EXERCISE REQUIREMENTS: For this task, output every entry below exactly and omit the pictures.
____________________
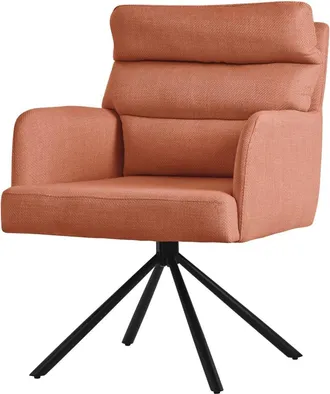 ML Design Silla giratoria, naranja, de poliéster, con respaldo y reposabrazos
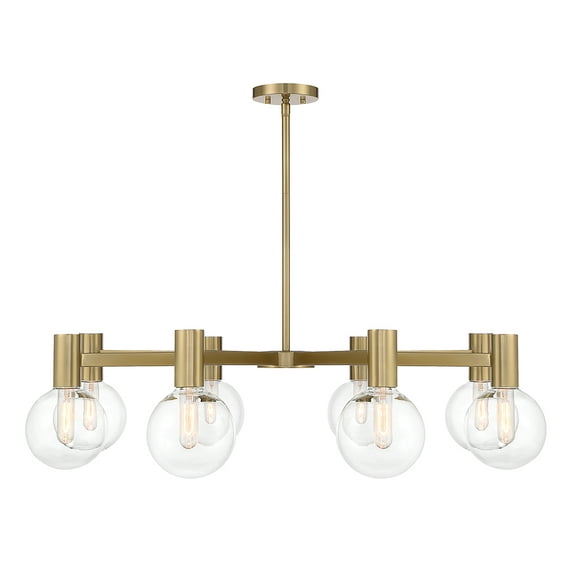 Warm Brass Eight Light Chandelier from the Wright Collection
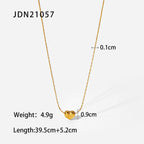 New18K Vacuum Electroplated Gold Heart Pendant Necklace Jewelry Party Stainless Steel Minimalist Smooth Heart Necklace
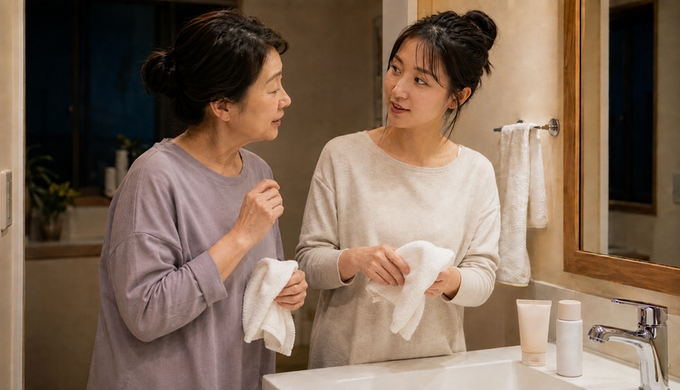 洗顔を終えた母娘がタオルを手に持ち、洗面台の前でそのまま会話を続けている。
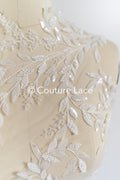 Pearl Appliques for Wedding Dress Off-White/ Floral Lace Patches/ Embroidered Lace Appliques/ Lace Appliques// A21-216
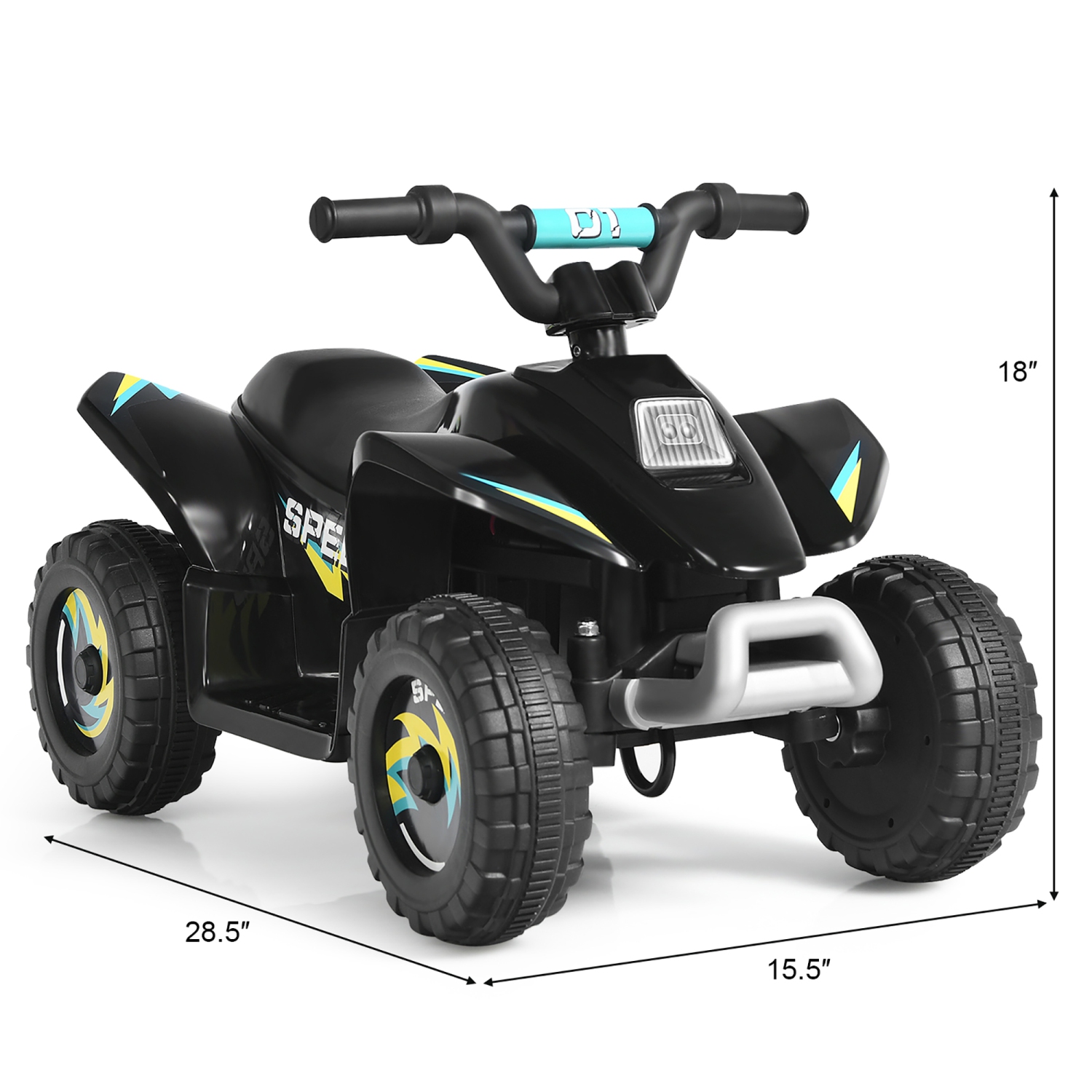 Jouet porteur électrique de 6 V pour enfants ATV 4 de Costway avec roues pour jeunes enfants, avant et arrière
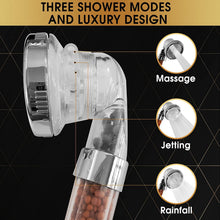 Load image into Gallery viewer, MQIDLFE High Pressure Shower Head With Handheld | 3 Mode Water Softener Shower Head With Hose and Holder | Filtered Shower Head With Mineral Beads | Improve Hair Quality and Skin Condition
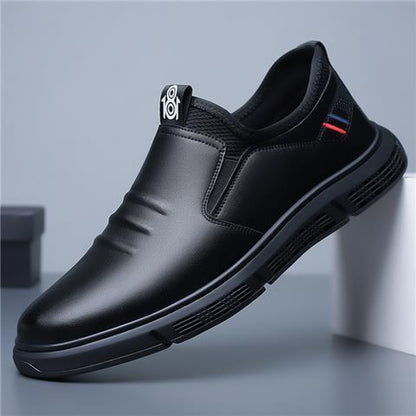 Loom & Soul Men’s Black & White Walking Shoes – Casual PU Leather Flats with Suede Finish, Breathable Comfort & Lace-Up Design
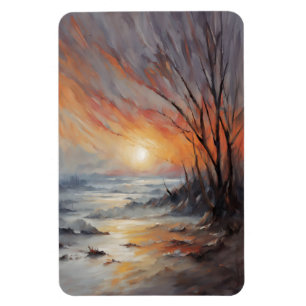 Friedlicher Winteruntergang - Natur-Landschaftskun Magnet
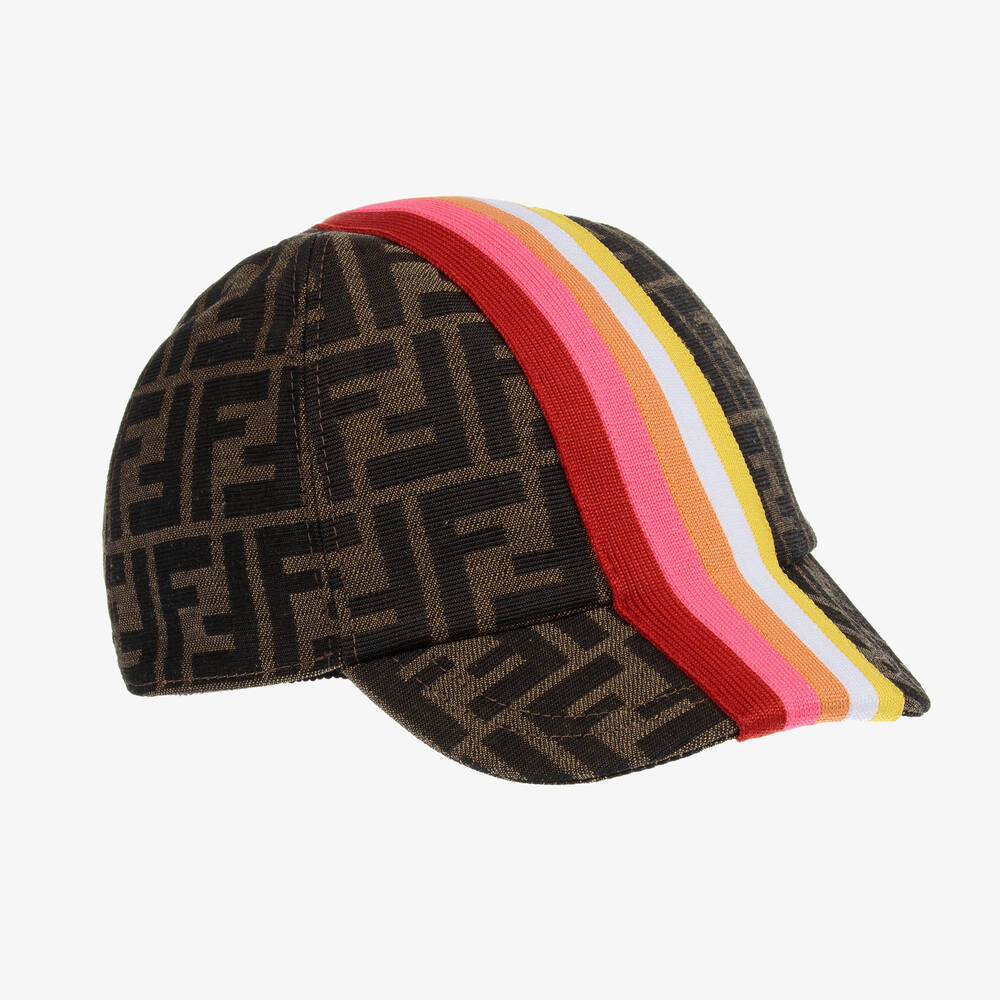 Fendi - Brown FF Logo Cap | Childrensalon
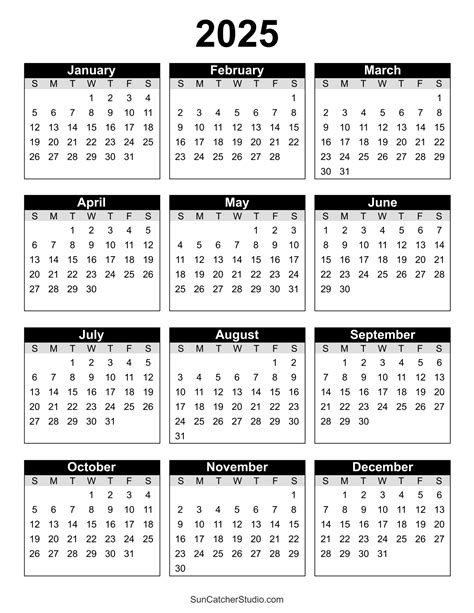 2025 Free Printable Yearly Calendar | Calendar 2025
____________________
WRITTEN REPLY:
 ML Design Silla giratoria, naranja, de poliéster, con respaldo y reposabrazos
 Warm Brass Eight Light Chandelier from the Wright Collection
 New18K Vacuum Electroplated Gold Heart Pendant Necklace Jewelry Party Stainless Steel Minimalist Smooth Heart Necklace
 洗顔を終えた母娘がタオルを手に持ち、洗面台の前でそのまま会話を続けている。
 Pearl Appliques for Wedding Dress Off-White/ Floral Lace Patches/ Embroidered Lace Appliques/ Lace Appliques// A21-216
 Jouet porteur électrique de 6 V pour enfants ATV 4 de Costway avec roues pour jeunes enfants, avant et arrière
 Load image into Gallery viewer, MQIDLFE High Pressure Shower Head With Handheld | 3 Mode Water Softener Shower Head With Hose and Holder | Filtered Shower Head With Mineral Beads | Improve Hair Quality and Skin Condition
 Loom & Soul Men’s Black & White Walking Shoes – Casual PU Leather Flats with Suede Finish, Breathable Comfort & Lace-Up Design
 Friedlicher Winteruntergang - Natur-Landschaftskun Magnet
 Fendi - Brown FF Logo Cap | Childrensalon
 2025 Free Printable Yearly Calendar | Calendar 2025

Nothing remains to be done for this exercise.